Month: May 2006
Lashing back
Cute but no cigar
Chi Trib’s page oner today, top left, is from Liz Sly out of Baghdad with help from Omar Salih, about “Omar” as the name “no Iraqi wants” because it’s a Sunni name and Shiite gunmen will kill you. A story like this is a way to keep the civil-war argument in readers’ eye, Alinsky-style rubbing raw the sores of discontent with U.S. policy, or it’s just an easy-reading breezy piece to help people thank God it’s Friday.
As the number of sectarian killings in Iraq soars, and Iraqis on both sides of the Sunni-Shiite divide feel increasingly nervous about mingling with the opposite sect, name-changing is on the rise.

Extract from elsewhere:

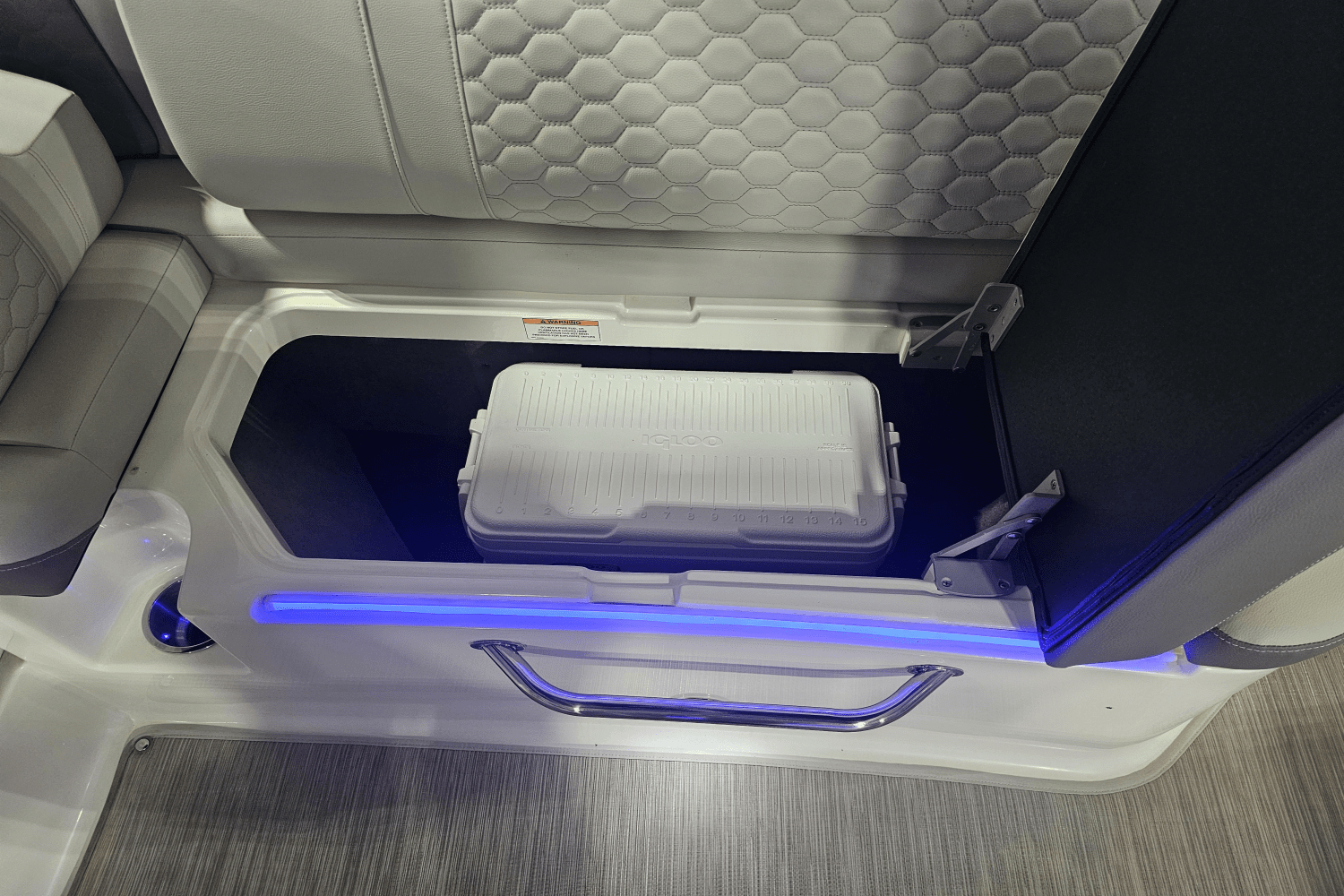 2021 Sea Ray 270 SD-OB Image Thumbnail #12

OK. But deep in the story, we have:
[R]eports [counting] 24 Omars among the 700 or so Sunnis killed in recent weeks [is] hardly statistically significant. [boldface added]
. . . .
But the report has been widely disseminated, and now men named Omar are convinced they are being singled out by the Shiite militias and Interior Ministry forces suspected of carrying out the sinister killings of Sunni men whose bodies are found almost every day, dumped around town.

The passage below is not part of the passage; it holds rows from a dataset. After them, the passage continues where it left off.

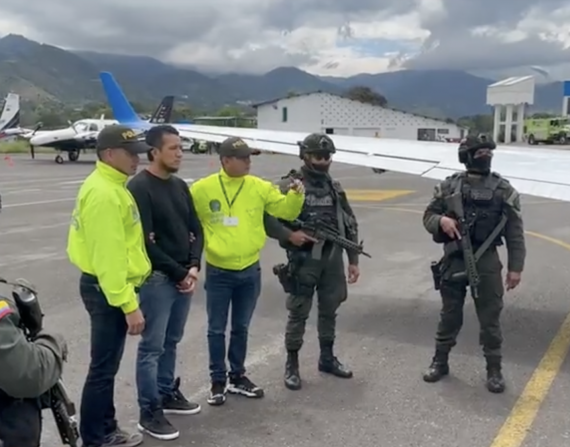Wilder Emilio Sánchez Farfán, alias 'Gato Farfán', narcotraficante ecuatoriano requerido para fines de extradición fue capturado en Pasto, en Colombia.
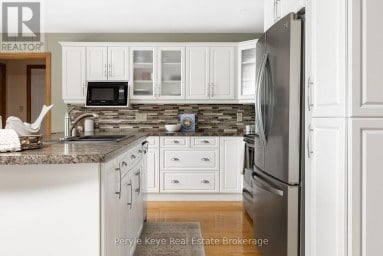 200 EDGEMERE ROAD Huntsville (Stephenson) Ontario photo 18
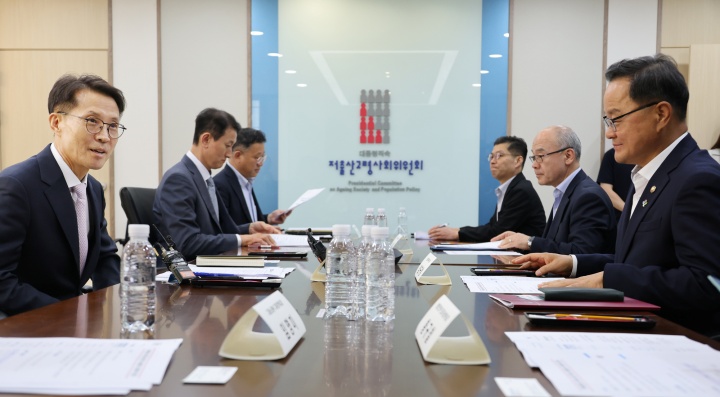 김진오 저출산고령사회위원회 부위원장이 29일 서울 종로구 정부서울청사에서 열린 가족(청년) 관계ㆍ소통 역량 지원방안 관계부처 회의에서 발언하고 있다. 2026.6.29. (ⓒ연합, 무단 전재-재배포 금지)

So. A story about the madness and panic of crowds, bolstered by misinformation and the words of one Omar saying:
“The only safe way is to leave the country. But if you can’t do that, you have to do something to survive.”
This is on-the-ground reporting? Nothing from sources such as Brookings Institution’s Iraq Report that give an overview or grounds of comparison, even to use a Trib section title, perspective? Not that I can see.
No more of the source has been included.